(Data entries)
****************

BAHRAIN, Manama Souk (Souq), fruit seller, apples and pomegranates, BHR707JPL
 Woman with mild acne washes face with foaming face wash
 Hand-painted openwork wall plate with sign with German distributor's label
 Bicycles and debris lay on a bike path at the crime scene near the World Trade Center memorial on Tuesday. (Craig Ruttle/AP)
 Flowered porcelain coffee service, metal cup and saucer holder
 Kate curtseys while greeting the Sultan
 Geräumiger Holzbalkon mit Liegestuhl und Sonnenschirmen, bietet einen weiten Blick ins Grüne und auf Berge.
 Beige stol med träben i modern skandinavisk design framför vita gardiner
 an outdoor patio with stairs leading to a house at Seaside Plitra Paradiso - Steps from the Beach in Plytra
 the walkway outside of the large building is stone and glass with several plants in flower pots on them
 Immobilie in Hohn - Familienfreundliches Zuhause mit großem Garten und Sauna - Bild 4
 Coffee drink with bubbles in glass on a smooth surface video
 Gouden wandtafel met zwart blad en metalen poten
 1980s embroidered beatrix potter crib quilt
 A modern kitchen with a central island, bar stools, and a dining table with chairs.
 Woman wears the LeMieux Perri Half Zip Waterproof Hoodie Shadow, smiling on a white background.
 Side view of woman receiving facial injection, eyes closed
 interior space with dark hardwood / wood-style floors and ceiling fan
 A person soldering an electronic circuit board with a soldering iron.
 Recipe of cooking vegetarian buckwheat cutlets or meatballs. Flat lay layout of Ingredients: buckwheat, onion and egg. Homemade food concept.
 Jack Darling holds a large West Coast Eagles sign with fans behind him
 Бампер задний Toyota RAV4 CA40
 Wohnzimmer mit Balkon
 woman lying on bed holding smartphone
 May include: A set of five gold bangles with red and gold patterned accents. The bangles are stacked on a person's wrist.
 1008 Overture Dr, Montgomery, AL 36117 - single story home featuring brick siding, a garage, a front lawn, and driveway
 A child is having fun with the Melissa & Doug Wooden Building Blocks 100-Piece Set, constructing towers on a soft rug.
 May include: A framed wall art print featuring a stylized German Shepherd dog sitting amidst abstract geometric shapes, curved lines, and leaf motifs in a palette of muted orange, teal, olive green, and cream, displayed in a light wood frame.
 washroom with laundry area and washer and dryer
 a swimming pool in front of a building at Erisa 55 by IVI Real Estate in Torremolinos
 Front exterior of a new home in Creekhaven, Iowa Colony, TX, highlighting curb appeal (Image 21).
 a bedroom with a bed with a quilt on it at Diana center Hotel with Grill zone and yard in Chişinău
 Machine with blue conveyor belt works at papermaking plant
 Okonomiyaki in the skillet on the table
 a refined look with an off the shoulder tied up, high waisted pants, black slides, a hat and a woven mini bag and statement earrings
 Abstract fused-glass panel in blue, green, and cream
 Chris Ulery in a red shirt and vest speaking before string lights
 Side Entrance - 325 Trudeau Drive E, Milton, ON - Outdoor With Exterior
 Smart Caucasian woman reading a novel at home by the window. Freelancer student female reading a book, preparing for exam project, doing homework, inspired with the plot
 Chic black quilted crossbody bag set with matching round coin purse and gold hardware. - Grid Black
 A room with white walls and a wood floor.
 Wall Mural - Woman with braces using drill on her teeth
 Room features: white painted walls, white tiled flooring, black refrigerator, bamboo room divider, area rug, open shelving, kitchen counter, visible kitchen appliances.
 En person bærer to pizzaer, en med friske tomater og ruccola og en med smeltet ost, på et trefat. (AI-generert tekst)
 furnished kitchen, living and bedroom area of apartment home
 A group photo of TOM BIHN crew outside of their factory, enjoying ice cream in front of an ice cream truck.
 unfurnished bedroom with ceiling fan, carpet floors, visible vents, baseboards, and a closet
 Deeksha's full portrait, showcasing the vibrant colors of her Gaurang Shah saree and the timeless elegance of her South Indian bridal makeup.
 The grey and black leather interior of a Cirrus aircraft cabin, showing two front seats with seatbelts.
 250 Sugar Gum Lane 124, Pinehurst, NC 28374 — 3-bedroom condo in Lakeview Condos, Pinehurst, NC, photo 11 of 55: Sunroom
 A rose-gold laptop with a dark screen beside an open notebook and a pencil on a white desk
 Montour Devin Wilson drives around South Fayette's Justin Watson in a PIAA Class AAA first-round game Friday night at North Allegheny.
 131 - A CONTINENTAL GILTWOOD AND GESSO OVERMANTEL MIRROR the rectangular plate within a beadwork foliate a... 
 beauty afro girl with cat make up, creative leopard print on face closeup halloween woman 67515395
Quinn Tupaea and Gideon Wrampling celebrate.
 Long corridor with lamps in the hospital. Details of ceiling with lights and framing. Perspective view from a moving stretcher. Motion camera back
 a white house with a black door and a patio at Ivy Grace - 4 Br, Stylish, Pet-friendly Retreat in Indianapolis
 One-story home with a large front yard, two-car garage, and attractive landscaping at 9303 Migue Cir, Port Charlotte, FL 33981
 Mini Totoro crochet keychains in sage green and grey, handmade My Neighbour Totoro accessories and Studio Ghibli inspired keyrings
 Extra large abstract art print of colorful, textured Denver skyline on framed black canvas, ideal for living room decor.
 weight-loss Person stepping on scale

****************

WHAT IS BEING ASKED: Your answer must be the lines above from the one containing "Woman with mild" to the one containing "Beige stol med", both included, restated word for word.

YOUR SOLUTION:
 Woman with mild acne washes face with foaming face wash
 Hand-painted openwork wall plate with sign with German distributor's label
 Bicycles and debris lay on a bike path at the crime scene near the World Trade Center memorial on Tuesday. (Craig Ruttle/AP)
 Flowered porcelain coffee service, metal cup and saucer holder
 Kate curtseys while greeting the Sultan
 Geräumiger Holzbalkon mit Liegestuhl und Sonnenschirmen, bietet einen weiten Blick ins Grüne und auf Berge.
 Beige stol med träben i modern skandinavisk design framför vita gardiner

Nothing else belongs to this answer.